The `vld2.32` instruction de-interleaves the data:
- First element of pair → Even lanes (real parts)
- Second element of pair → Odd lanes (imaginary parts)

### NEON Register Layout

#### Q Register to D Register Mapping
- **q8** = {d16, d17}
- **q9** = {d18, d19}
- **q10** = {d20, d21}
- **q11** = {d22, d23}
- **q12** = {d24, d25}
- **q13** = {d26, d27}

#### Complex Number Storage
For each Q register holding 2 complex numbers:
- **d[2n]** (even D register): Real parts [Re0, Re1]
- **d[2n+1]** (odd D register): Imaginary parts [Im0, Im1]

### Butterfly Computation Stages

#### Stage 1: First Level Butterflies (Lines 423-426)
```arm
vadd.f32 q11, q9, q8 // q11 = q9 + q8 (complex addition)
vsub.f32 q8, q9, q8 // q8 = q9 - q8 (complex subtraction)
vsub.f32 q9, q13, q10 // q9 = q13 - q10
vadd.f32 q12, q13, q10 // q12 = q13 + q10
```

#### Stage 2: Load More Data (Lines 428-429)
```arm
vld2.32 {q10}, [r7, :128]! // Load from r7
vld2.32 {q13}, [r9, :128]! // Load from r9
```

#### Stage 3: Second Level Butterflies (Lines 430-434)
Operations on D registers for finer control:
```arm
vsub.f32 q2, q12, q11 // q2 = q12 - q11
vsub.f32 d7, d19, d16 // Imaginary parts subtraction
vadd.f32 d3, d19, d16 // Imaginary parts addition
vadd.f32 d6, d18, d17 // Real parts addition
vsub.f32 d2, d18, d17 // Real parts subtraction
```

#### Stage 4: Load Final Data Set (Lines 435-436)
```arm
vld2.32 {q9}, [r8, :128]! // Load from r8
vld2.32 {q8}, [r10, :128]! // Load from r10
```

#### Stage 5: Third Level Butterflies (Lines 437-443)
```arm
vadd.f32 q0, q12, q11 // Final sum
vadd.f32 q11, q13, q8
vadd.f32 q12, q10, q9
vsub.f32 q8, q13, q8
vsub.f32 q9, q10, q9
vsub.f32 q6, q12, q11
vadd.f32 q4, q12, q11
```

#### Stage 6: Data Transposition (Lines 444, 452, 456-457)
```arm
vtrn.32 q0, q2 // Transpose for output format
vtrn.32 q1, q3
vtrn.32 q4, q6
vtrn.32 q5, q7
```

### Memory Access Pattern

#### Input Access
- Uses post-increment addressing: `[rN, :128]!`
- `:128` indicates 128-bit alignment
- `!` updates the pointer after load
- Each iteration processes 8 complex pairs (16 float values)

#### Output Access
1. Load offset indices from r12:
```arm
ldr r2, [r12], #4
ldr lr, [r12], #4
```
2. Calculate output addresses:
```arm
add r2, r0, r2, lsl #2 // r2 = r0 + (offset * 4)
add lr, r0, lr, lsl #2 // lr = r0 + (offset * 4)
```
3. Store results using `vst2.32` with interleaving:
```arm
vst2.32 {q0, q1}, [r2, :128]!
vst2.32 {q2, q3}, [lr, :128]!
vst2.32 {q4, q5}, [r2, :128]!
vst2.32 {q6, q7}, [lr, :128]!
```

## Register Usage Summary

### Modified NEON Registers
- **q0-q2**: Final butterfly results (first set)
- **q4-q6**: Final butterfly results (second set)
- **q8-q13**: Temporary computation registers

### Modified ARM Registers
- **r2, lr**: Temporary output address calculations
- **r3-r10**: Updated by post-increment loads
- **r11**: Decremented loop counter
- **r12**: Updated by post-increment offset loads

### Preserved Registers
- **r0**: Output base pointer (unchanged)
- **r1**: FFT plan pointer (unused in this macro)

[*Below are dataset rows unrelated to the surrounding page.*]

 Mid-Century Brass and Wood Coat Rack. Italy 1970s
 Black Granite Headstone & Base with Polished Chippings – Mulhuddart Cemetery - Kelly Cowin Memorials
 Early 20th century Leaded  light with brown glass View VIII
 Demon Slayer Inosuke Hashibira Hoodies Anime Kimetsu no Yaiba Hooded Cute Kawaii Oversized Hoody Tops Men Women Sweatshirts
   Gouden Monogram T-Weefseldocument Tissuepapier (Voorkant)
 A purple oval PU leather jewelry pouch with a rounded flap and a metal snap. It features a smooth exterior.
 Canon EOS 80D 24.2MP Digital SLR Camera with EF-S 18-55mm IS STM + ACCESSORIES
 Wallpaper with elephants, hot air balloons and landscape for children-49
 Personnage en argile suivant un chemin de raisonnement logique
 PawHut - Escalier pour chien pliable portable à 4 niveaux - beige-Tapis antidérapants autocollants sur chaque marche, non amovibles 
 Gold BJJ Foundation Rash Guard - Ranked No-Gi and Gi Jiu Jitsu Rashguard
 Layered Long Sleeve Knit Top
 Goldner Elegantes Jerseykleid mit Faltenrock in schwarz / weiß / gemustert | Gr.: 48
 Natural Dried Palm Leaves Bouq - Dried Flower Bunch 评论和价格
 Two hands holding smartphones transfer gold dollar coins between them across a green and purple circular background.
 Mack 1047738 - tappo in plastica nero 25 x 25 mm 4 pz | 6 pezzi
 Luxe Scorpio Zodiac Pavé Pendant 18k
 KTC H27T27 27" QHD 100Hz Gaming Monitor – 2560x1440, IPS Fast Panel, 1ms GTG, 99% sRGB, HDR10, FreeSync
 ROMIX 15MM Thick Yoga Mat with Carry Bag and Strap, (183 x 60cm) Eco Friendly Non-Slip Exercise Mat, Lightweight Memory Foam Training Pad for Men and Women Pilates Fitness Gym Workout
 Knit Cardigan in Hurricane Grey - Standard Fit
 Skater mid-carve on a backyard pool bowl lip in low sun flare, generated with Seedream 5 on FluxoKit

## Performance Considerations

1. **Instruction Scheduling**: Loads are interleaved with computations to hide memory latency
2. **SIMD Utilization**: Processes 8 complex numbers (16 floats) per iteration
3. **Memory Alignment**: Uses 128-bit aligned accesses for optimal performance
4. **Loop Structure**: Simple decrement and branch pattern for minimal overhead

## Key Differences for ARM64 Porting

1. **Register Names**:
- Q registers → V registers (v0-v31)
- More registers available (32 vs 16)

2. **Instruction Differences**:
- Some operations may have different mnemonics
- Better support for complex multiply operations

3. **Addressing Modes**:
- ARM64 has more flexible addressing options
- May allow for more efficient pointer management

4. **Performance Opportunities**:
- Wider SIMD registers (optional 256-bit SVE)
- More registers reduce register pressure
- Better instruction scheduling opportunities

## Conclusion

The `neon_oo` macro implements an efficient 8-point FFT butterfly operation using ARM32 NEON SIMD instructions. It carefully manages register allocation, uses efficient memory access patterns, and interleaves operations to maximize throughput. The algorithm processes complex numbers in an interleaved format and produces results suitable for subsequent FFT stages.